Start of AVAILABLE DATA

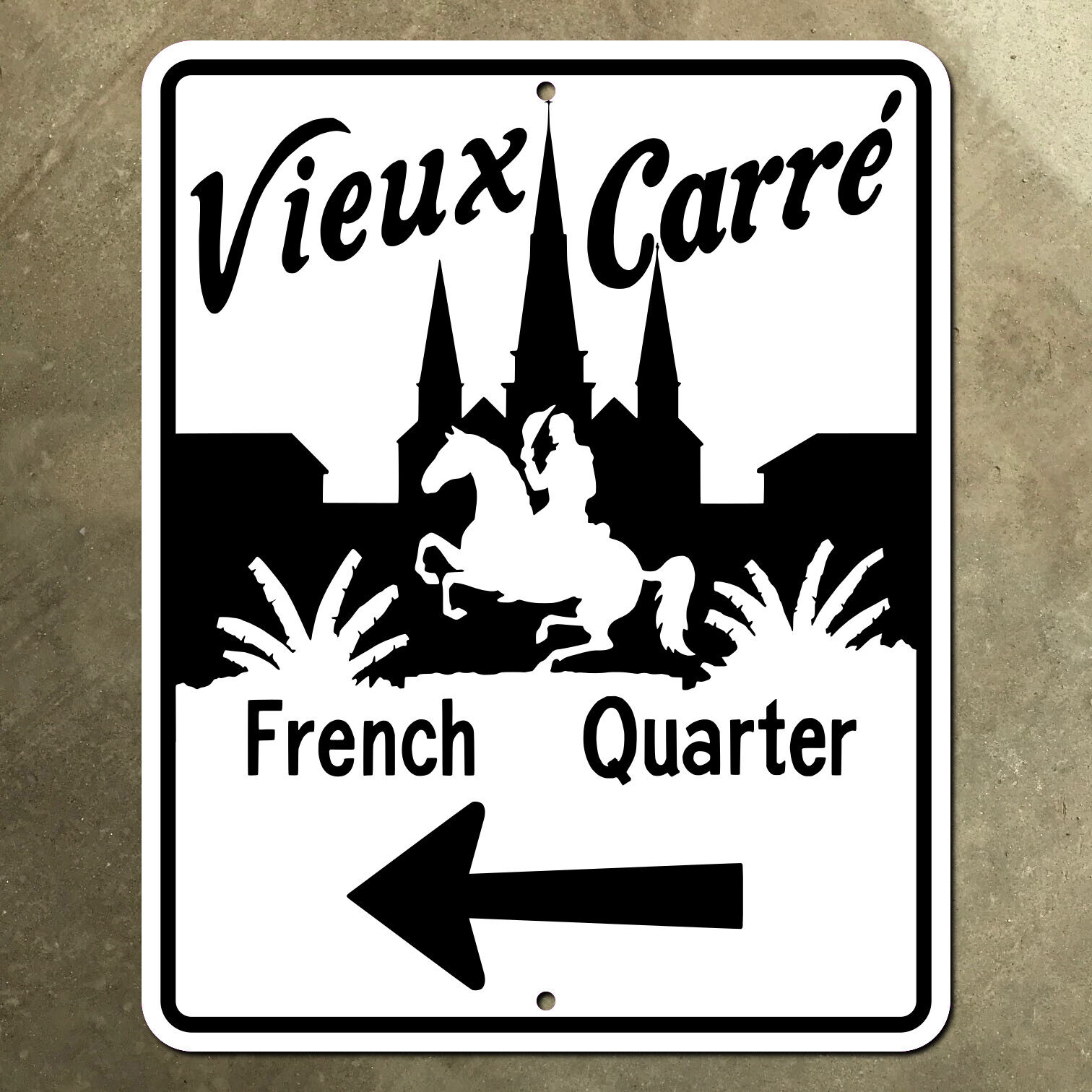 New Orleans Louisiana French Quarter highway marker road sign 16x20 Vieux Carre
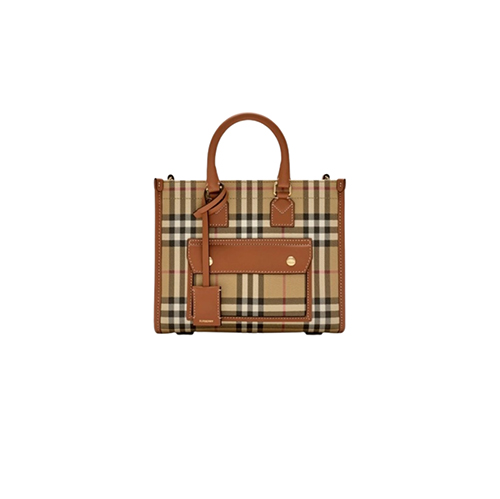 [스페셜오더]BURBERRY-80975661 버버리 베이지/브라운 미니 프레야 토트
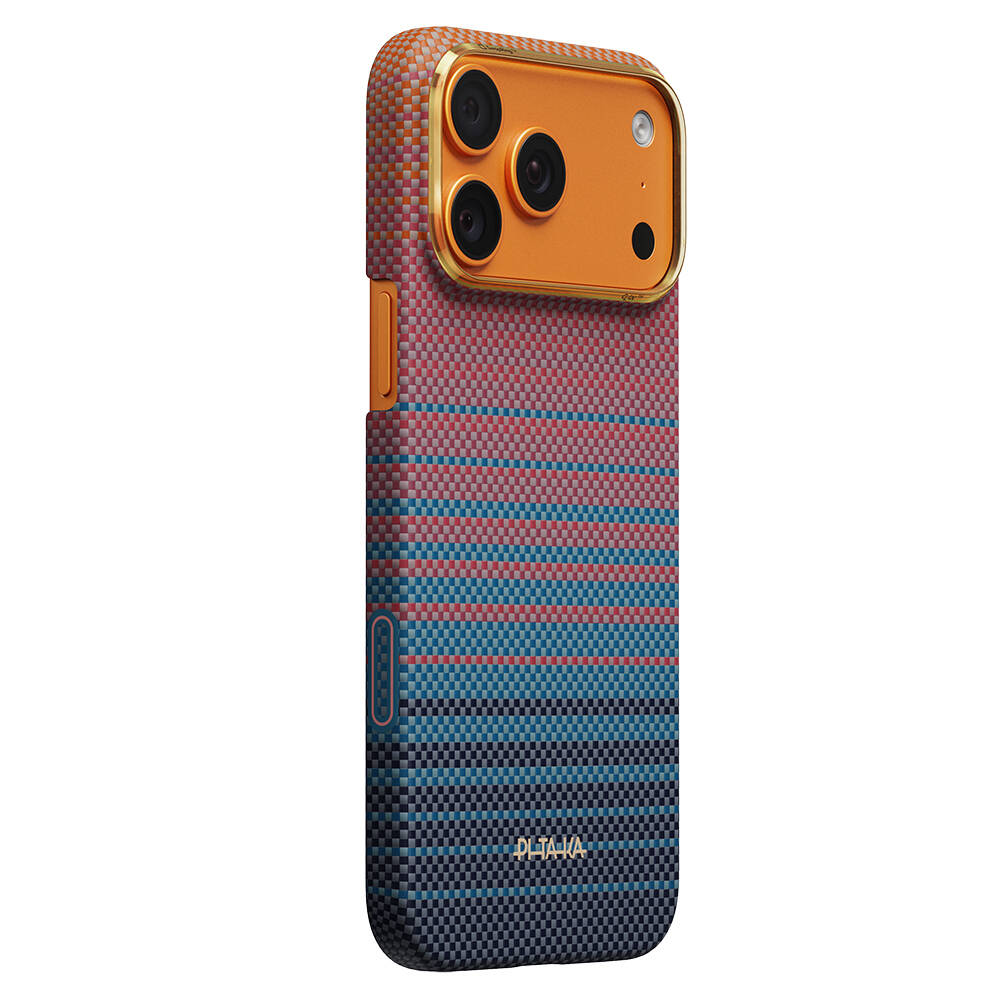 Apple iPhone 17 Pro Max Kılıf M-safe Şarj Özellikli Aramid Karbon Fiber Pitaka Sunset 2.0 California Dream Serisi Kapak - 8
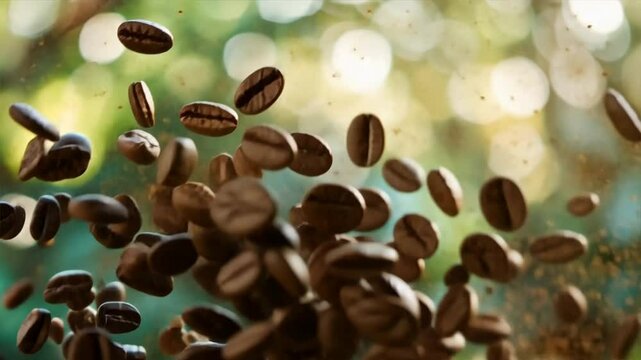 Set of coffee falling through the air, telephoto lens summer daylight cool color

End of AVAILABLE DATA

* _WHAT THE TASK REQUIRES_: Take the lines from the one that contains "[스페셜오더]BURBERRY-80975661 버버리 베이지/브라운" down to the last line of the listing above, both included, and set them down exactly, leaving out pictures.

* _SOLUTION BELOW_:
 [스페셜오더]BURBERRY-80975661 버버리 베이지/브라운 미니 프레야 토트
 Apple iPhone 17 Pro Max Kılıf M-safe Şarj Özellikli Aramid Karbon Fiber Pitaka Sunset 2.0 California Dream Serisi Kapak - 8
 Set of coffee falling through the air, telephoto lens summer daylight cool color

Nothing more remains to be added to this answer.